Carefully define the optimization problem for player 1. Write down the Kuhn-Tucker conditions and discuss these conditions. Explain why player 1 faces a strategic situation. Find the best-response functions for player 1 and 2. Graph these functions.

My solution :

$L = s_i^a c_i^{1-a} - \lambda(c_i + s_i - (T-s_i)w) + \mu (c_i + s_i - T)$

FOC:

$\frac{\partial L}{\partial \lambda} = c_i + s_i - (T - s_i)w = 0$

$\frac{\partial L}{\partial s_i} = a s_i^{a-1} c_i^{1-a} - \lambda(1+w) +\mu = 0$

$\frac{\partial L}{\partial c_i} = (1-a) s_i^a c_i^{-a} - \lambda +\mu = 0$

$\frac{\partial L}{\partial \mu} = c_i + s_i - T = 0 $

By following this procedure, I cannot come to the solution.

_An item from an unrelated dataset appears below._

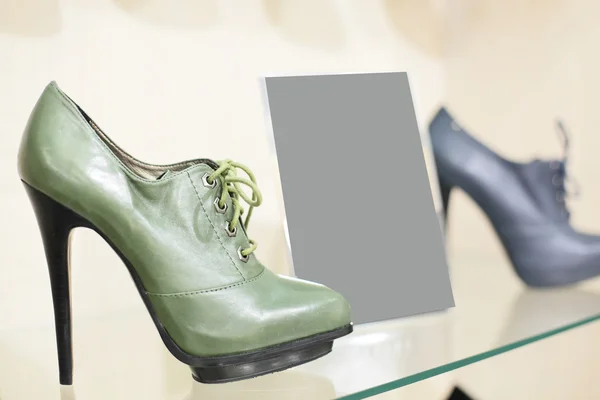 Interior of shoe store in modern european mall — Stock Photo, Image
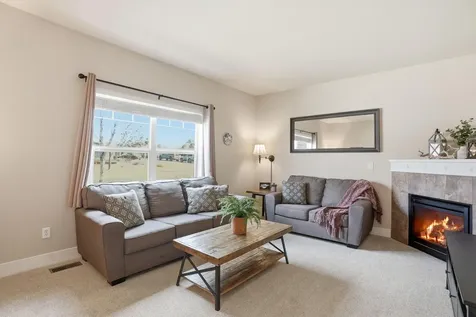 62763 Hawkview Road Bend OR 97701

Please share your ideas with me.

Solving that I obtain :

Answer 1

Player $1$'s utility maximization problem is the following :

$$\max_{0 \leq t_{12} \leq T} \ \ \left(T-t_{12} + t_{12}t_{21}\right)^a \left(w(T-t_{12})\right)^{1-a}$$

An equivalent way to solve the above problem is maximizing the $\log$ of the objective i.e. one can solve

$$\max_{0 \leq t_{12} \leq T} \ \ a\ln\left(T-t_{12} + t_{12}t_{21}\right) +(1-a)\ln \left(w\right) + (1-a)\ln \left(T-t_{12}\right) $$

Solving it we get the best response function of player 1 as

\begin{eqnarray*} t_{12} = \begin{cases} 0 & \text{if } t_{21} \leq\frac{1}{a} \\ \frac{T(at_{21}-1)}{(t_{21}-1)} & \text{if } t_{21} > \frac{1}{a} \end{cases} \end{eqnarray*}

Likewise, the best response function of player 2 is

\begin{eqnarray*} t_{21} = \begin{cases} 0 & \text{if } t_{12} \leq \frac{1}{a} \\ \frac{T(at_{12}-1)}{(t_{12}-1)} & \text{if } t_{12} \geq \frac{1}{a} \end{cases} \end{eqnarray*}

Now you can solve the best responses to get the Nash Equilibria.